Women in Science, they've always been there, and they've contributed so much. Can we start recognizing them please? RIP Katherine Johnson:: It was not the most arresting of titles: in 1959 the African-American mathematician Katherine Johnson, who has died aged 101, completed a paper entitled Determination of Azimuth Angle at Burnout for Placing a Satellite Over a Selected Earth Position.
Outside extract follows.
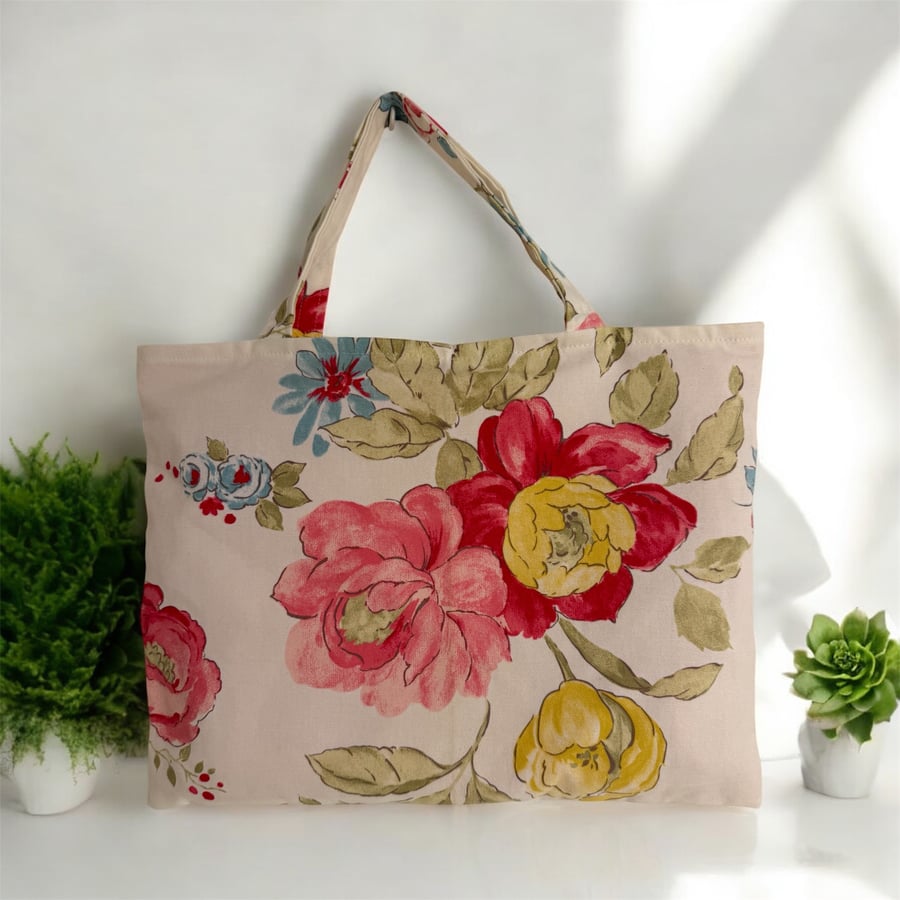Large pink and gold flowers on a calico inspired fabric tote bag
Thus did she become the first woman to have a credit on a report published by the flight research division of the newly created National Aeronautics and Space Administration (Nasa).

Even more significantly, those calculations were at the basis of a crucial part of Johnson’s work for the astronaut John Glenn, when, in 1962, he became the first American to orbit the Earth. “Get the girl,” the astronaut had said, refusing to fly unless Johnson, with her mastery of mathematics, had verified the computer’s work on her mechanical calculating machine. “If she says they’re good, then I’m ready to go.” She did, and he flew.
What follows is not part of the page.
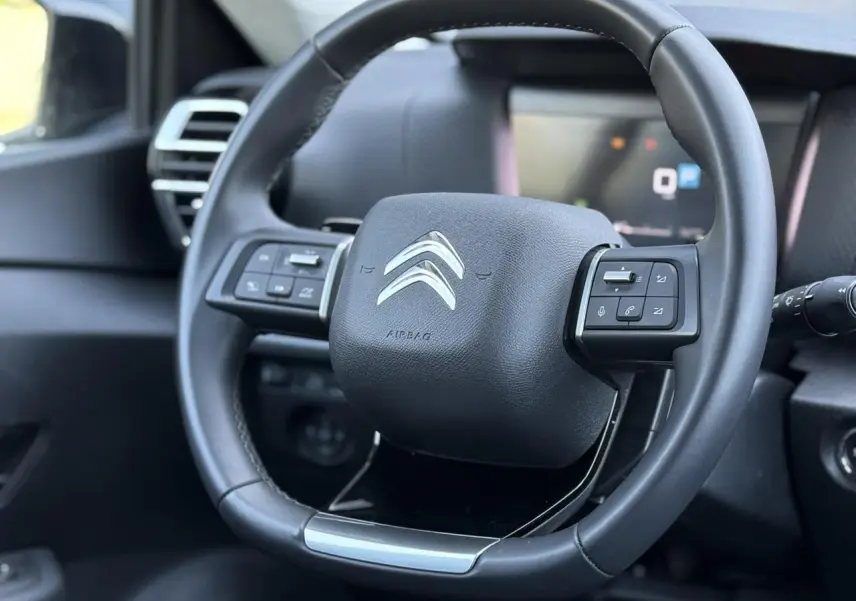 Gros plan sur le volant cuir noir du Citroën C4 X 2024 avec commandes intégrées et logo argenté central.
Her contribution, wrote Margot Lee Shetterly in Hidden Figures (2016) – an authoritative account of Nasa’s black female mathematicians that was made into a film of the same name – was “the defining day of Johnson’s career”.

The focus of the US space programme in the 1960s was the race for the moon. Johnson was involved throughout. She played a key role in Alan Shepard’s 1961 Mercury mission, which put an American in space for the first time. Fifty-six years later, on the anniversary of that venture, the Katherine G Johnson Computational Research Facility was opened in Langley, Virginia. “Millions of people around the world watched Shepard’s flight,” said Clayton Turner, Langley’s deputy director, “but what they didn’t know at the time was that the calculations that got him into space and safely home were done by today’s guest of honour, Katherine Johnson.”Johnson was still calculating trajectories in July 1969 when Neil Armstrong and Buzz Aldrin made the first moon landing, and in 1970 when the Apollo 13 mission was aborted and nearly ended in disaster. “Everybody was concerned about them getting there,” she said in 2010. “We were concerned about them getting back.” She was later involved in the early years of the space shuttle, and the Earth Resources satellite.
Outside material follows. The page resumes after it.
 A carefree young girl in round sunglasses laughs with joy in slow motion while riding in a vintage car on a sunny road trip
Until recently the contribution made by Johnson and her fellow African-American colleagues to the US space programme went largely unheralded outside – and sometimes inside – Nasa. But Shetterly’s book, and the ensuing film, with Taraji P Henson in a starring role as Johnson, helped change that. Johnson was one of a group of remarkable women who fought every obstacle an entrenched deeply racist society could throw at them and, eventually, they won.